Simplifying the problem:
Let's simplify the problem. Though we have 24 hours a day, the number of slots available may not be varying every hour. For example, the trend could be that the available groups are 7AM-9AM, 9AM-5PM, 5PM-11PM, 11PM-7AM. We need to be able to discover this trend. And the hourly trend may be different in urban and rural regions. In rural regions, viewership during the day might be more and may fall off earlier in the evening compared to urban regions. All urban regions may have a similar pattern and all rural regions may have a different common pattern. The day of week may matter for a certain psychography and may not for another. On top of this, all patterns may not be statistically significant.

Though it seems daunting, once we find all significant patterns, we can reduce the number of dimensions of our data and have a much simpler set to query.

Implementing a solution:
This solution can be implemented using the R statistical package to do part of the heavy lifting.

To capture seasonal trends in viewership, and to smoothen out aberrations, we can do a trend analysis of the data across multiple weeks. So if viewership increases towards the festive season, we should be able to capture it through the trend line. R has linear regression packages to help do this.
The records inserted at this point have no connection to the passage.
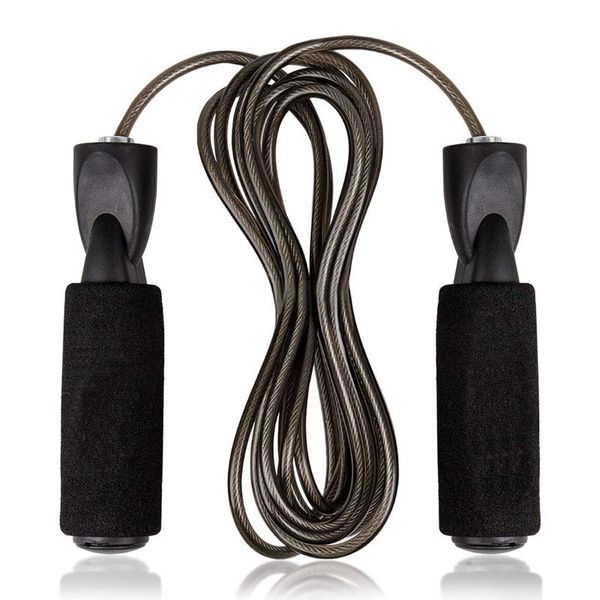 jump ropes rope speed jumping steel wire double skipping workout fitness exercise training adjustable length
jump ropes rope speed jumping steel wire double skipping workout fitness exercise training adjustable length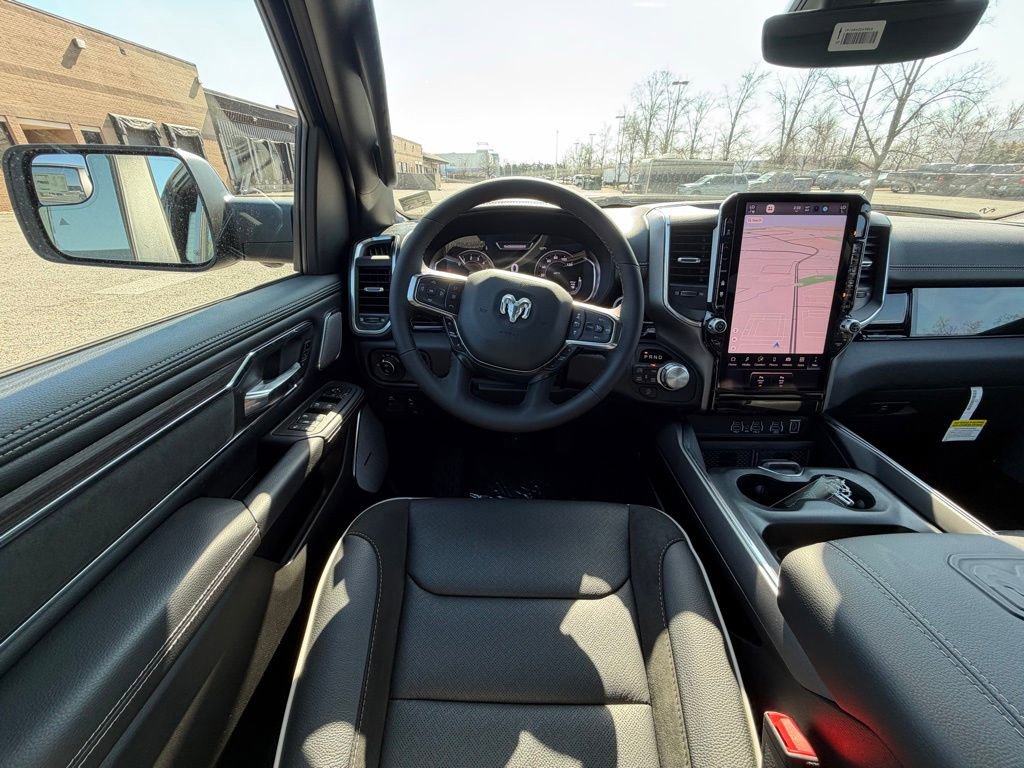 New 2026 RAM 1500 Laramie image 13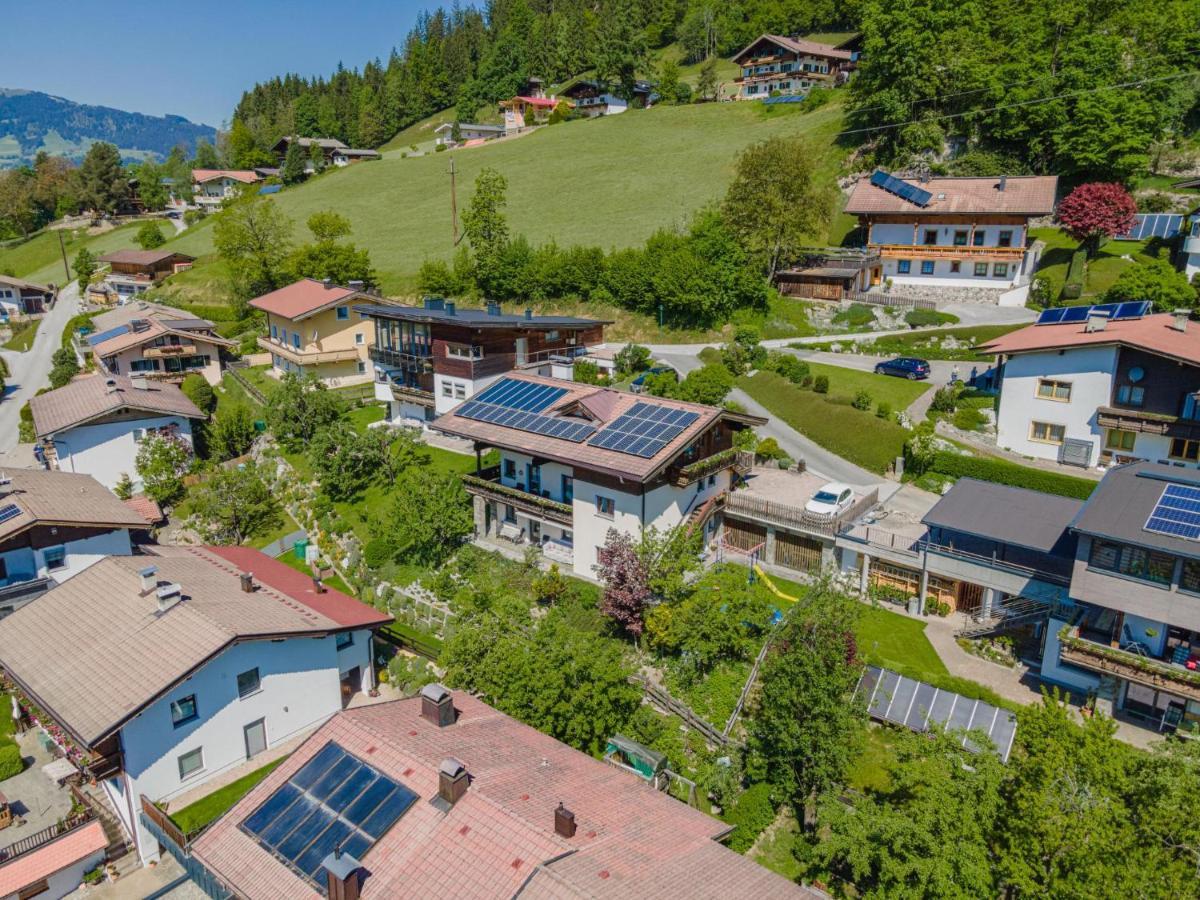 Haus Steger Lejlighed Westendorf Eksteriør billede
R has packages to do recursive partitioning (rpart, randomforest, etc.). Recursive partitioning can be used to simplify the data and come up with a model that partitions data with each partition representing one significant segment of our population. The partitions will be split only across most significant parameters. Variations that are not statistically significant or random in nature will be ignored and averaged across.

R is single threaded and would not scale to large number of records. To be able to work on the large volume of data that we may have, we'll have to split the data and have R work on each split in a distributed manner.